(Assigned task) Reproduce the data shown below exactly.

(Extracted entries)

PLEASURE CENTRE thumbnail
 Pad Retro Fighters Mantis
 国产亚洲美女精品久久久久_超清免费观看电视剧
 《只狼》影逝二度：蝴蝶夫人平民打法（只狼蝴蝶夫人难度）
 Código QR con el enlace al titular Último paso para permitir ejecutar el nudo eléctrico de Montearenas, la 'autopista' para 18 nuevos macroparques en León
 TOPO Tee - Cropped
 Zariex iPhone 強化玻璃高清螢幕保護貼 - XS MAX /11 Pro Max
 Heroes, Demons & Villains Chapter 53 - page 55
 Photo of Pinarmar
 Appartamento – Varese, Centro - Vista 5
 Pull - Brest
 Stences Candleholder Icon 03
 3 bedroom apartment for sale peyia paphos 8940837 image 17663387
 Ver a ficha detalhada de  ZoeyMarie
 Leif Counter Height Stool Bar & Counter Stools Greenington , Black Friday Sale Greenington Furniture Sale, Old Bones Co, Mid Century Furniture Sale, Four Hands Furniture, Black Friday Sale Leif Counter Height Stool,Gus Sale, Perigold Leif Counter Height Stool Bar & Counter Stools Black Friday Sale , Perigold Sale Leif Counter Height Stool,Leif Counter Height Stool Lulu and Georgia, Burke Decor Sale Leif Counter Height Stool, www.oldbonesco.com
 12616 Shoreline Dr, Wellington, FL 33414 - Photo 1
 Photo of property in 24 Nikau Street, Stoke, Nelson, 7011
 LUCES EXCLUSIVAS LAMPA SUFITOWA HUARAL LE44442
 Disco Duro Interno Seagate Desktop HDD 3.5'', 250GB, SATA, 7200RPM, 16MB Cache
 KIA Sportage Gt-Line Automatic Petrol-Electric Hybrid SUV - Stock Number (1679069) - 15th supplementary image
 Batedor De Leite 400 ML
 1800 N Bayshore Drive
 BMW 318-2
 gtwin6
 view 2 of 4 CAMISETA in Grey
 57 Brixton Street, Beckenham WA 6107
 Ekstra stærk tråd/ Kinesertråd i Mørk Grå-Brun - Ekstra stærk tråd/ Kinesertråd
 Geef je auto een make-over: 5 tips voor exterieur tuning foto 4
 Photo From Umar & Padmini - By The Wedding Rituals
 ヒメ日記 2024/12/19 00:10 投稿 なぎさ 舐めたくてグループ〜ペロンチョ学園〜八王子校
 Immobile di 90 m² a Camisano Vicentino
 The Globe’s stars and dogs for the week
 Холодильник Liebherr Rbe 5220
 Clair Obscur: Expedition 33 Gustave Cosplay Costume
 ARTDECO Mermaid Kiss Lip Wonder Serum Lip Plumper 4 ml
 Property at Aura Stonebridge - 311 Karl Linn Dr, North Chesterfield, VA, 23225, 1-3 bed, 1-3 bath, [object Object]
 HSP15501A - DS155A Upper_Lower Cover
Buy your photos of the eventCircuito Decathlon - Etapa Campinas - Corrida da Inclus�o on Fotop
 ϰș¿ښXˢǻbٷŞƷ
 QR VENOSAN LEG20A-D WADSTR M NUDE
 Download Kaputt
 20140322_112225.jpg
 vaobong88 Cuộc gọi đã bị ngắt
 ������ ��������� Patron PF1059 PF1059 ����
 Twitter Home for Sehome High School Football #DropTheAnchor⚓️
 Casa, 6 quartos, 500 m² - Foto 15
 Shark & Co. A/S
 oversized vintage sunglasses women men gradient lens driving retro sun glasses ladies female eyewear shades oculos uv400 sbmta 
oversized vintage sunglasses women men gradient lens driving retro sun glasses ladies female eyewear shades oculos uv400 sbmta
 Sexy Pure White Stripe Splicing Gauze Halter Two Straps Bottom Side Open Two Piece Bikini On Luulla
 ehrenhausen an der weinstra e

(Task result)
PLEASURE CENTRE thumbnail
 Pad Retro Fighters Mantis
 国产亚洲美女精品久久久久_超清免费观看电视剧
 《只狼》影逝二度：蝴蝶夫人平民打法（只狼蝴蝶夫人难度）
 Código QR con el enlace al titular Último paso para permitir ejecutar el nudo eléctrico de Montearenas, la 'autopista' para 18 nuevos macroparques en León
 TOPO Tee - Cropped
 Zariex iPhone 強化玻璃高清螢幕保護貼 - XS MAX /11 Pro Max
 Heroes, Demons & Villains Chapter 53 - page 55
 Photo of Pinarmar
 Appartamento – Varese, Centro - Vista 5
 Pull - Brest
 Stences Candleholder Icon 03
 3 bedroom apartment for sale peyia paphos 8940837 image 17663387
 Ver a ficha detalhada de  ZoeyMarie
 Leif Counter Height Stool Bar & Counter Stools Greenington , Black Friday Sale Greenington Furniture Sale, Old Bones Co, Mid Century Furniture Sale, Four Hands Furniture, Black Friday Sale Leif Counter Height Stool,Gus Sale, Perigold Leif Counter Height Stool Bar & Counter Stools Black Friday Sale , Perigold Sale Leif Counter Height Stool,Leif Counter Height Stool Lulu and Georgia, Burke Decor Sale Leif Counter Height Stool, www.oldbonesco.com
 12616 Shoreline Dr, Wellington, FL 33414 - Photo 1
 Photo of property in 24 Nikau Street, Stoke, Nelson, 7011
 LUCES EXCLUSIVAS LAMPA SUFITOWA HUARAL LE44442
 Disco Duro Interno Seagate Desktop HDD 3.5'', 250GB, SATA, 7200RPM, 16MB Cache
 KIA Sportage Gt-Line Automatic Petrol-Electric Hybrid SUV - Stock Number (1679069) - 15th supplementary image
 Batedor De Leite 400 ML
 1800 N Bayshore Drive
 BMW 318-2
 gtwin6
 view 2 of 4 CAMISETA in Grey
 57 Brixton Street, Beckenham WA 6107
 Ekstra stærk tråd/ Kinesertråd i Mørk Grå-Brun - Ekstra stærk tråd/ Kinesertråd
 Geef je auto een make-over: 5 tips voor exterieur tuning foto 4
 Photo From Umar & Padmini - By The Wedding Rituals
 ヒメ日記 2024/12/19 00:10 投稿 なぎさ 舐めたくてグループ〜ペロンチョ学園〜八王子校
 Immobile di 90 m² a Camisano Vicentino
 The Globe’s stars and dogs for the week
 Холодильник Liebherr Rbe 5220
 Clair Obscur: Expedition 33 Gustave Cosplay Costume
 ARTDECO Mermaid Kiss Lip Wonder Serum Lip Plumper 4 ml
 Property at Aura Stonebridge - 311 Karl Linn Dr, North Chesterfield, VA, 23225, 1-3 bed, 1-3 bath, [object Object]
 HSP15501A - DS155A Upper_Lower Cover
Buy your photos of the eventCircuito Decathlon - Etapa Campinas - Corrida da Inclus�o on Fotop
 ϰș¿ښXˢǻbٷŞƷ
 QR VENOSAN LEG20A-D WADSTR M NUDE
 Download Kaputt
 20140322_112225.jpg
 vaobong88 Cuộc gọi đã bị ngắt
 ������ ��������� Patron PF1059 PF1059 ����
 Twitter Home for Sehome High School Football #DropTheAnchor⚓️
 Casa, 6 quartos, 500 m² - Foto 15
 Shark & Co. A/S
 oversized vintage sunglasses women men gradient lens driving retro sun glasses ladies female eyewear shades oculos uv400 sbmta 
oversized vintage sunglasses women men gradient lens driving retro sun glasses ladies female eyewear shades oculos uv400 sbmta
 Sexy Pure White Stripe Splicing Gauze Halter Two Straps Bottom Side Open Two Piece Bikini On Luulla
 ehrenhausen an der weinstra e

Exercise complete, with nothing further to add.